§ **Task item**: Copy the closing run of lines, from the one with "Abrigo Mossimo XXL" through the last line of the listing, exactly and without any pictures.
----- Data for this exercise
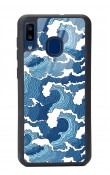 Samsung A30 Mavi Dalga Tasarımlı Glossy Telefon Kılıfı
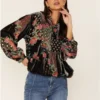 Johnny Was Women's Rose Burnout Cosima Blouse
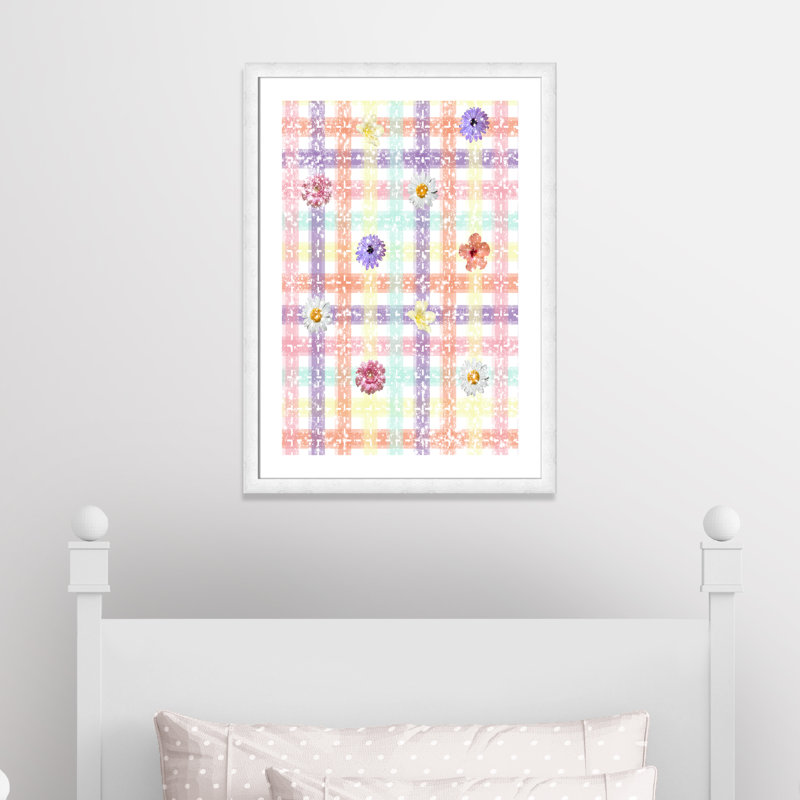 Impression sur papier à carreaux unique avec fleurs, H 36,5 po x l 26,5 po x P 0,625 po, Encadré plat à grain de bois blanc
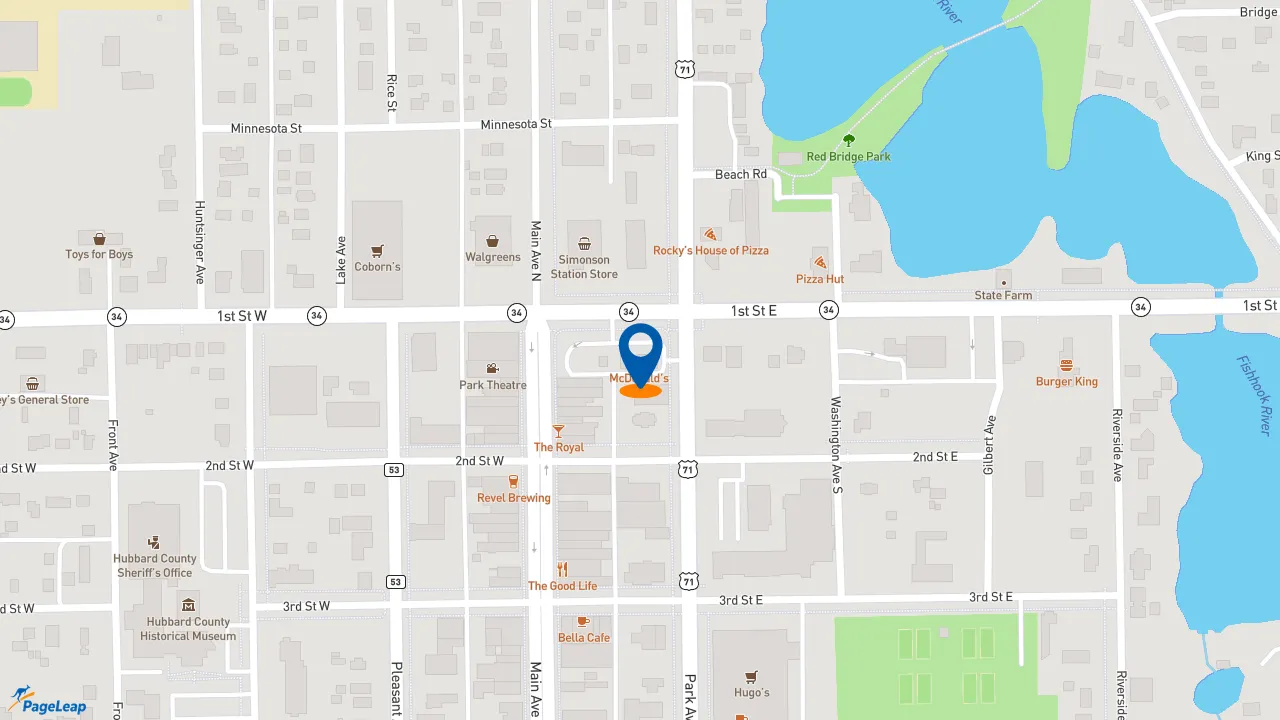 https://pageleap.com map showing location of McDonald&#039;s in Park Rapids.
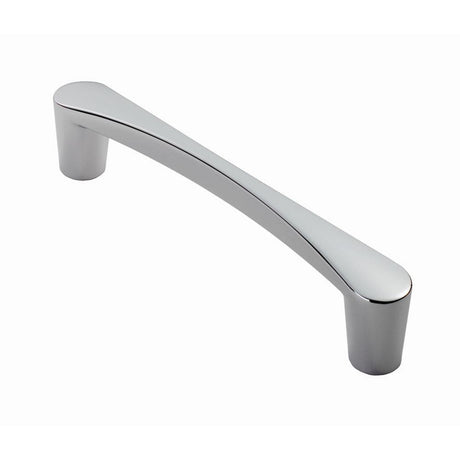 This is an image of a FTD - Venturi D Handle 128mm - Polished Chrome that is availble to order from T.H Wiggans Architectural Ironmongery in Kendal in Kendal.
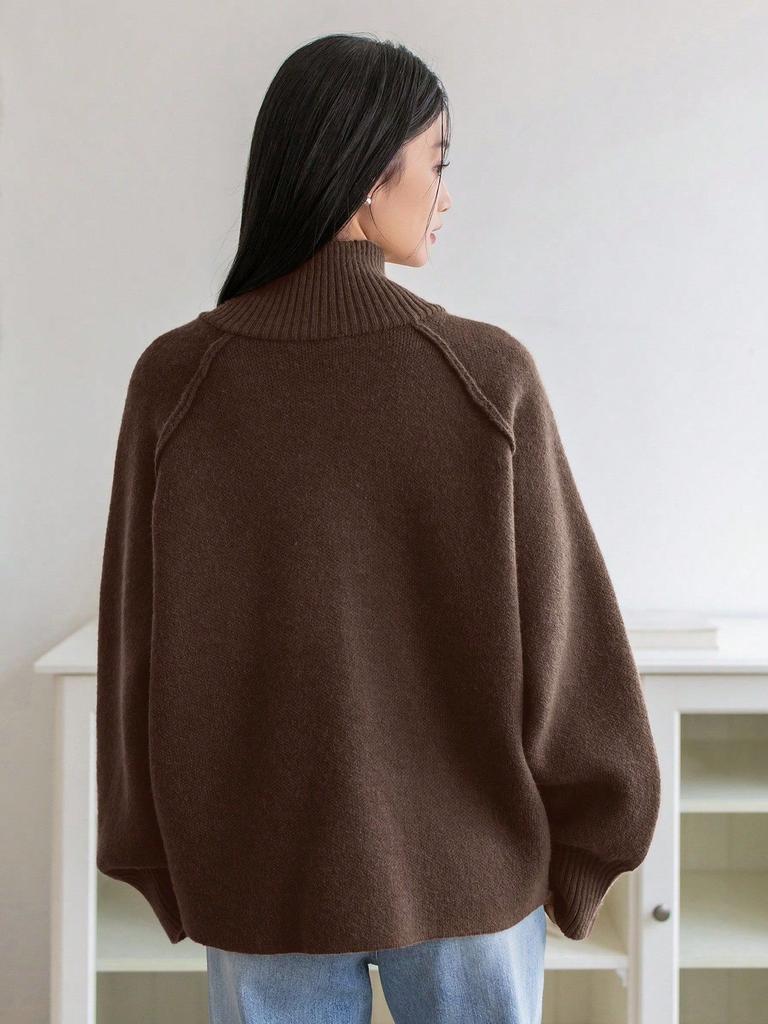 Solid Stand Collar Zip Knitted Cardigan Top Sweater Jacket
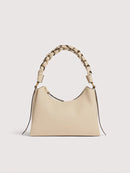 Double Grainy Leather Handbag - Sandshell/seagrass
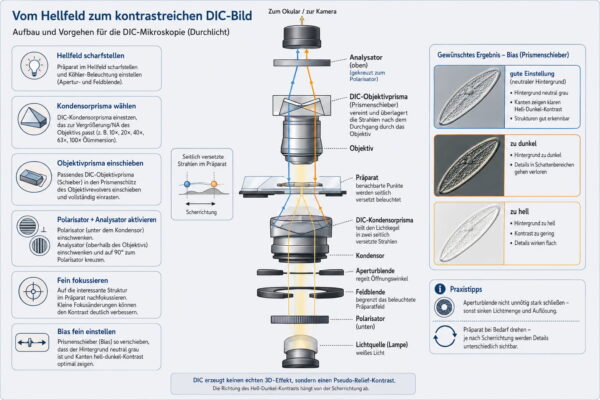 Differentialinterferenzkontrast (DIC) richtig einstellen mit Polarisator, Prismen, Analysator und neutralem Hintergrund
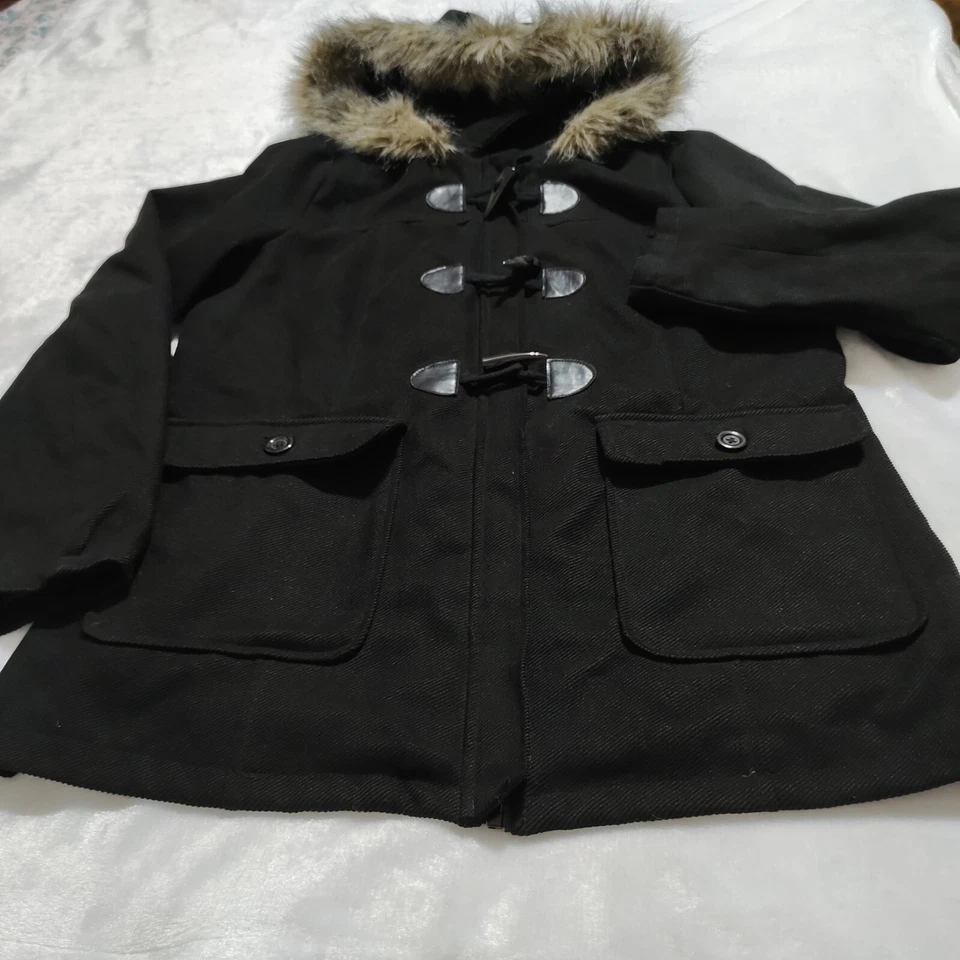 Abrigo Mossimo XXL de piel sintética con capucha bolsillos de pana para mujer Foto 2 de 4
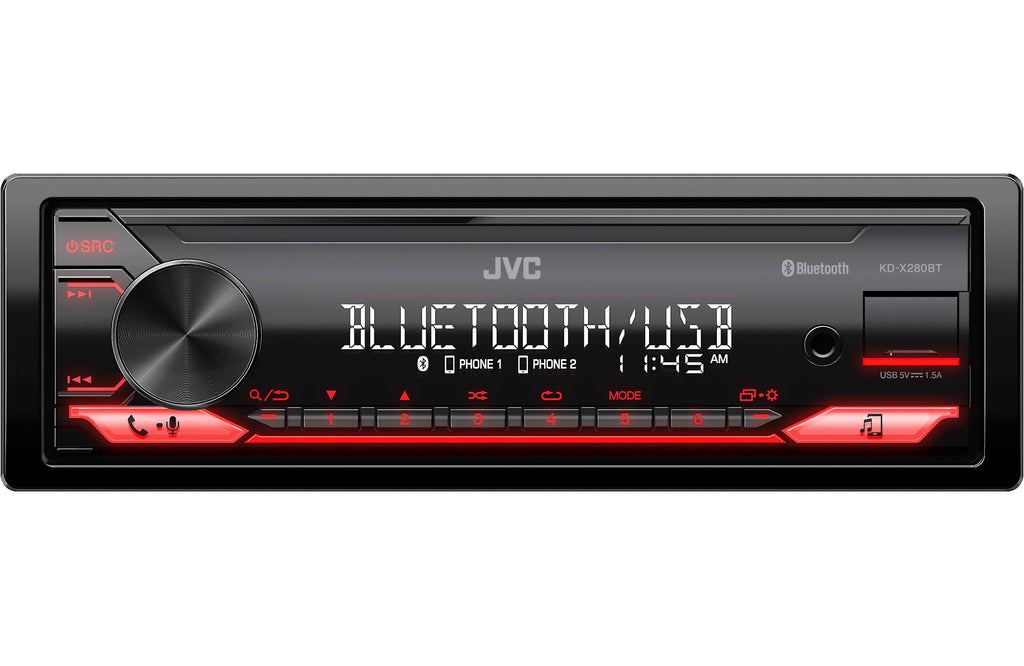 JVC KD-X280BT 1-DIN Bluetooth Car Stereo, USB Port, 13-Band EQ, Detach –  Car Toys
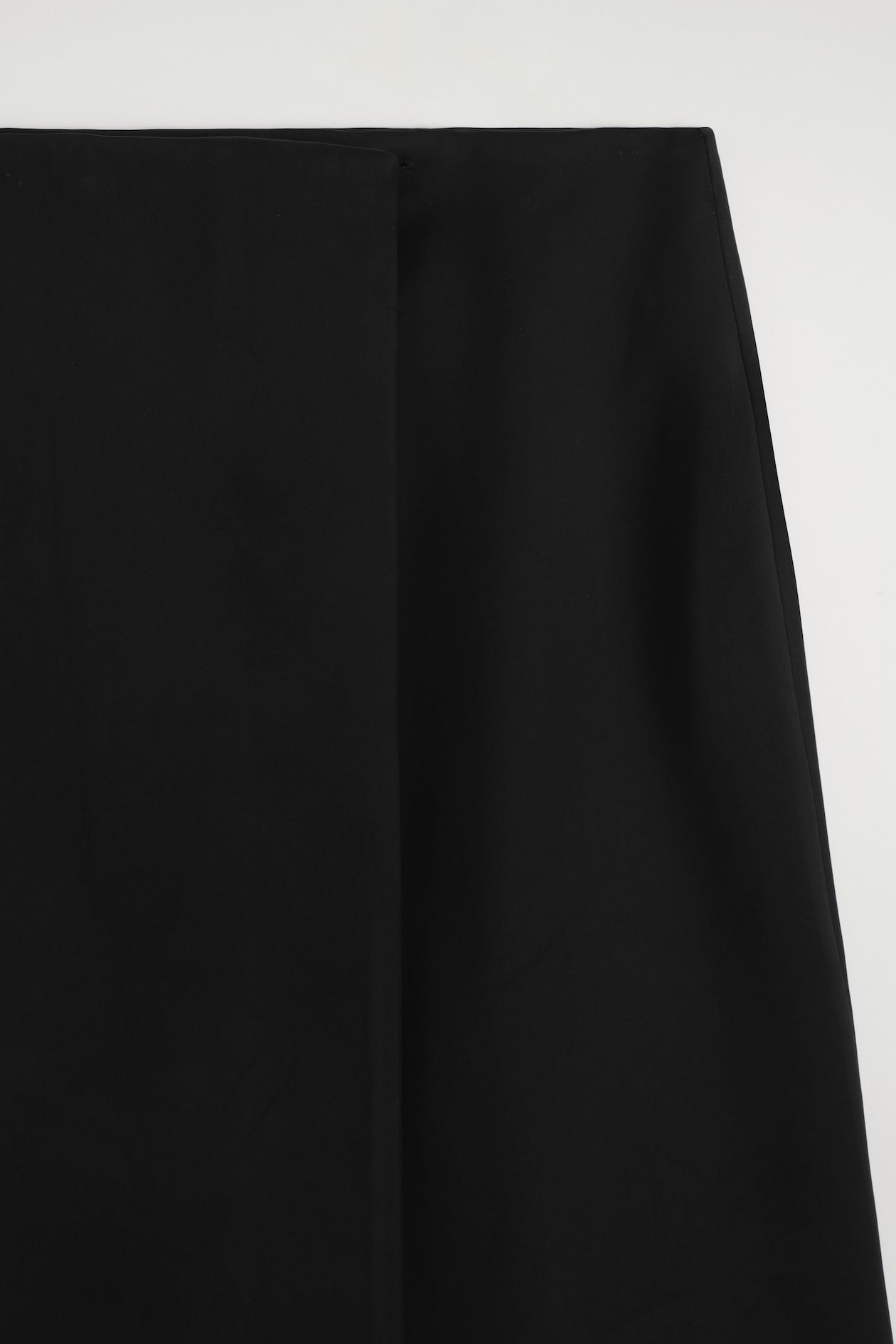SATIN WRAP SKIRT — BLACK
----------
§ **Response**:
 Abrigo Mossimo XXL de piel sintética con capucha bolsillos de pana para mujer Foto 2 de 4
 JVC KD-X280BT 1-DIN Bluetooth Car Stereo, USB Port, 13-Band EQ, Detach –  Car Toys
SATIN WRAP SKIRT — BLACK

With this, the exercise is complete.